Insurance cover for flooding 'must be speedy'
- 16 June 2012
- From the section Business
Claims for flood damage should be dealt with by insurers quickly and as clearly as possible, an ombudsman has warned.
The Financial Ombudsman Service said it had seen a "notable" increase in complaints about flood insurance over the past two years.
Although bad weather has been one cause, another issue was how long it could take to sort out claims.
However, the insurance industry said it was geared up to deal with flood claims speedily.
Over the past weeks, some parts of the UK have witnessed more rain in less than a day than would normally be seen in a month. For many, now is time for the clean-up and to start claiming for any damage on their insurance.
Kate Fellick is at the start of that process. Her family moved to a bungalow in Earnley, west Sussex, just two months ago. She said it was their dream house.
As it is not far from the sea, she knew that flooding was a risk, but neighbours said there had not been any serious damage in 25 years.
That all changed on Monday. She watched as the rain poured down, and then it started seeping through the floorboards.
Soon the whole house was flooded. Many of the family's belongings have been ruined, from sofas, televisions and beds, to photos, clothes and the children's toys.
Mrs Fellick, who said she was heartbroken, now has a lot of questions about what happens next.
"What are we going to do? What is our family going to do? Where are we going to live? Are we going to get the insurance? Is it going to cover us? There are a lot of things that need to be sorted out," she said.
It is still too early to know how many people have been hit by floods in the last week. When there was major flooding in the UK in 2009, there were 25,000 claims.
The Association of British Insurers (ABI) said that generally, a flooding claim could amount to an average of £20,000 to £40,000.
Martyn James, from the Financial Ombudsman Service, said: "We have seen a considerable increase in complaints related to floods, storms and other weather-related problems."
The ombudsman upholds about half of all complaints about buildings insurance. If it thinks a company is taking too long to settle a claim, it can make the insurer pay compensation to the policyholder.
Anyone at risk of flooding should contact their insurer before a problem emerges, to ensure the correct level of cover is in place.
Those whose homes are already flooded can take steps to speed up the claims process.
"Speak to your insurer as soon as possible, find out what your rights are, and what you can look out for in the policy," Mr James said.
"It may be that they will put you up in a hotel, or provide expenses for you while your property is being assessed and put back together.

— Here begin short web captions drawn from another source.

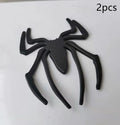 3D metallic spider bumper sticker in gold, silver, black, and red colour options.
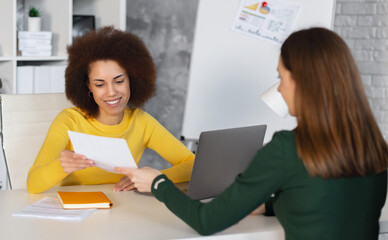 Recruitment manager talking, hiring for job new employee sitting in office. Caucasian female person having a job interview with African American woman recruiter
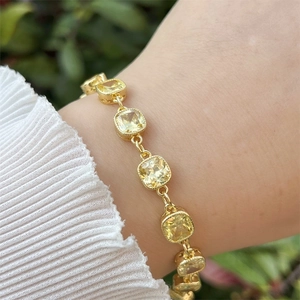 Detail of 18k gold plated bracelet with square yellow zirconia gems on a wrist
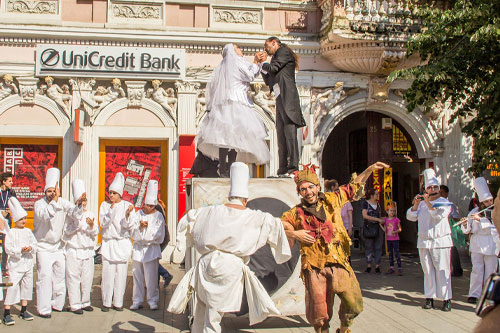 Gatufestival i Rumänien med människor som dansar i vita eller färgglada dräkter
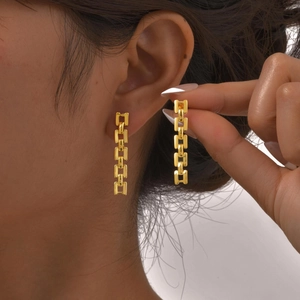 Fashionable gold stainless steel watchband chain drop earrings worn on a model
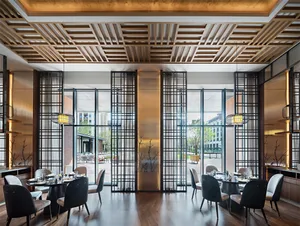 A modern restaurant interior featuring wood and glass materials.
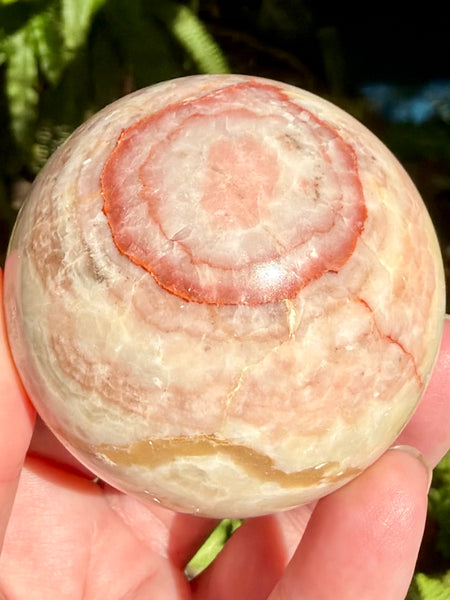 Beautiful Red Calcite Sphere - Morganna’s Treasures
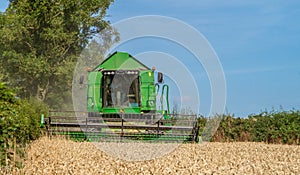 Modern John Deere combine harvester cutting crops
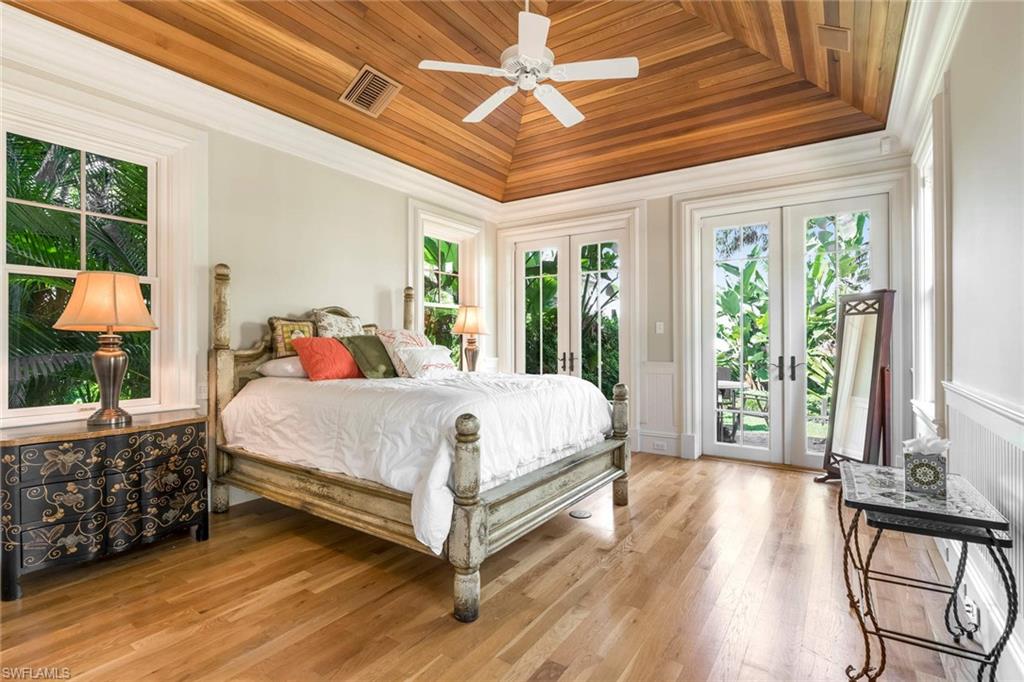 3275 Green Dolphin Lane Naples, FL 34102 - Photo 30 of 35 a bed sitting in a bedroom next to a window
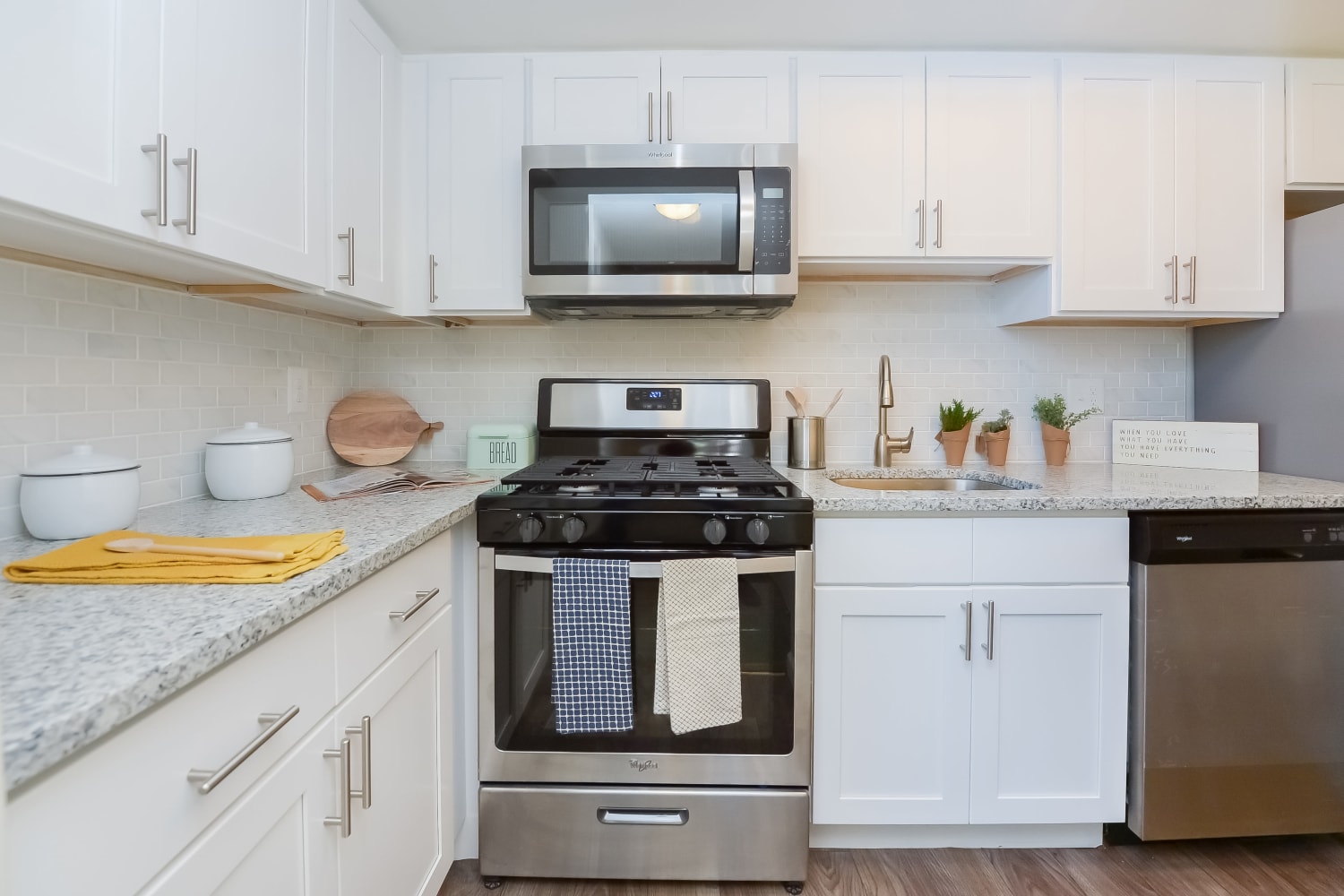 Contemporary kitchen with stainless-steel appliances at Strafford Station Apartments in Wayne, Pennsylvania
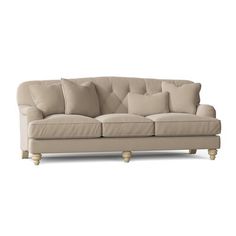 a beige couch with several pillows on the armrests and one pillow sitting on top of it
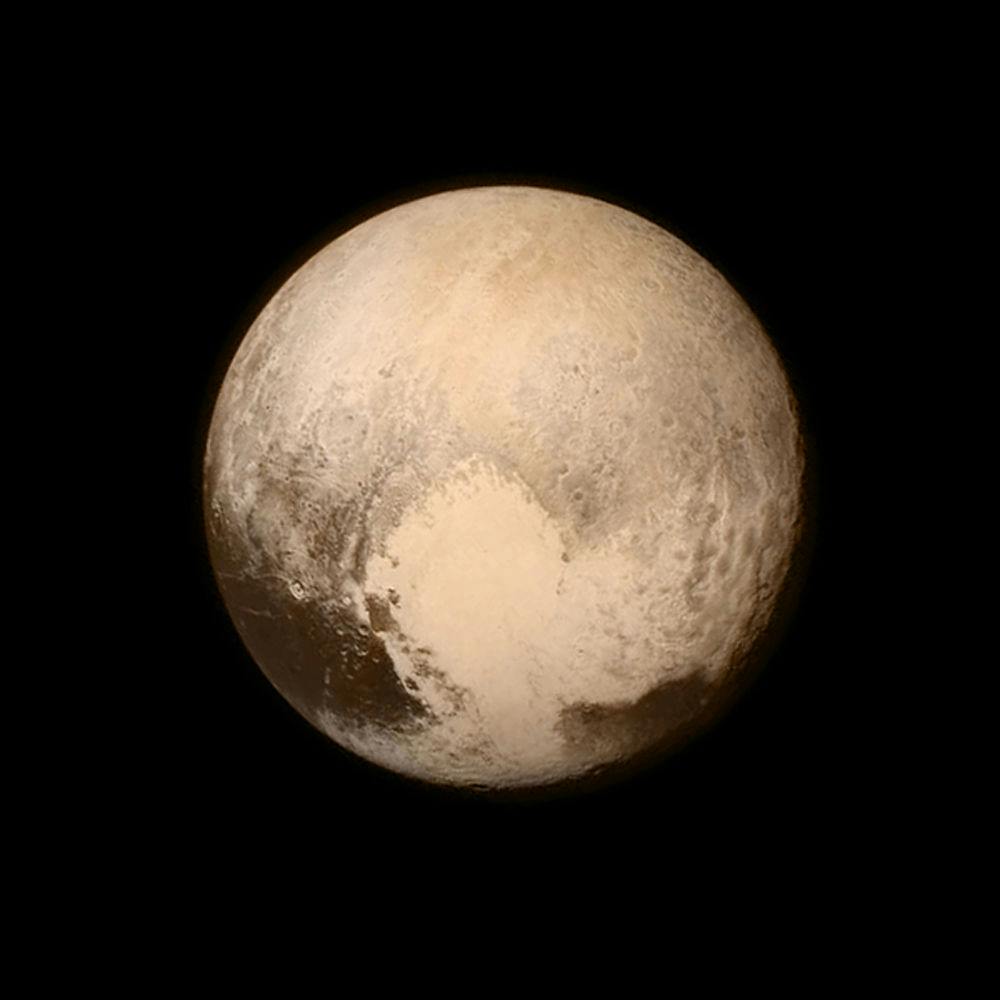 This July 13 image provided by NASA shows Pluto as seen from the New Horizons spacecraft. The United States is now the only nation to visit every single planet in the solar system. Pluto was No. 9 in the lineup when New Horizons departed Cape Canaveral, Florida, on Jan. 19, 2006.
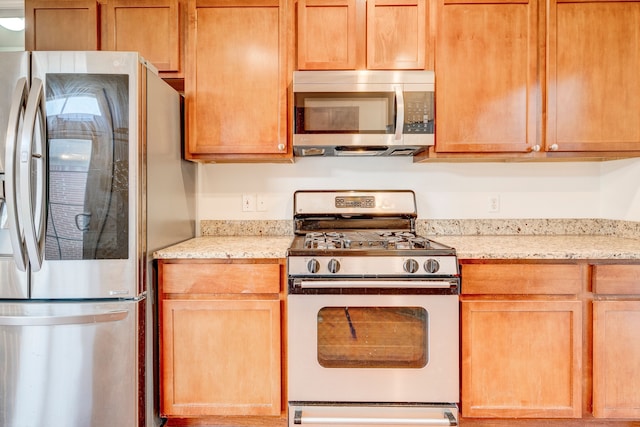 kitchen with light stone counters and stainless steel appliances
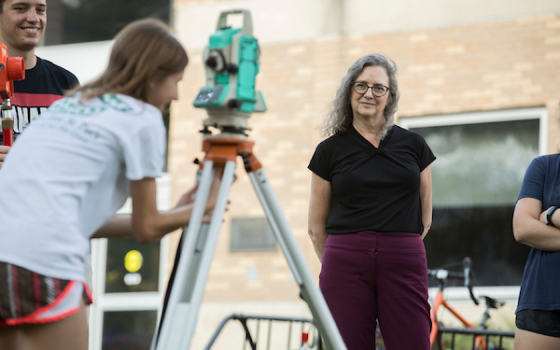 Image of Christi Luks observing a student's work with Engineers without Borders.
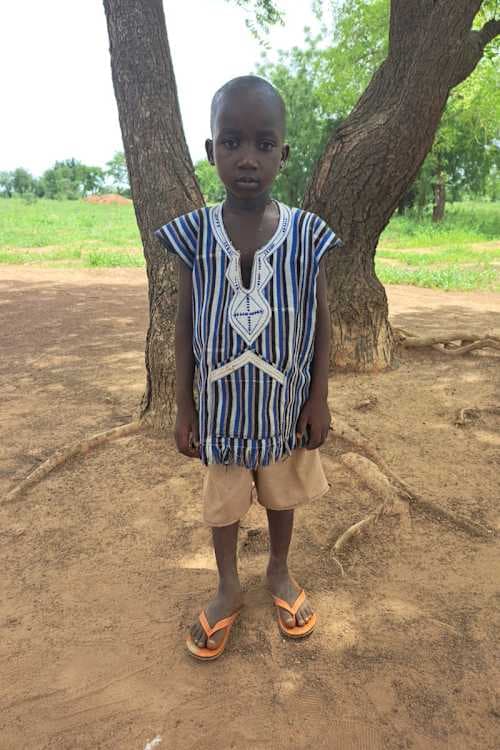 An unsponsored boy named Richmond from Ghana who lives in an AIDS-affected area and has waited 322 days for a sponsor.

"But bear in mind that it pays to be realistic. If you are dealing with structural damage to your home, it may take a while to sort out. We find communication is the way forward."
"As long as consumers are aware of what the timescales will mean for them personally, it is usually enough to sort things out. It is when communication breaks down that we have to look at complaints."
Huw Evans of the ABI insisted that, on the whole, customers were happy with the way the industry dealt with flood claims.
But he accepted that companies "can always do a better job of explaining to people what happens if a flood occurs".
"Dealing with flood damage is a very time-consuming process. When people are flooded, their natural human reaction is to want it to be fixed and sorted as soon as possible, for their house to go back to the way it was," he said.
"The problem is, flooded houses need to dry out. It can take months and months before the property can be restored to how it was before. That is why it often takes a long time to finalise a flood claim."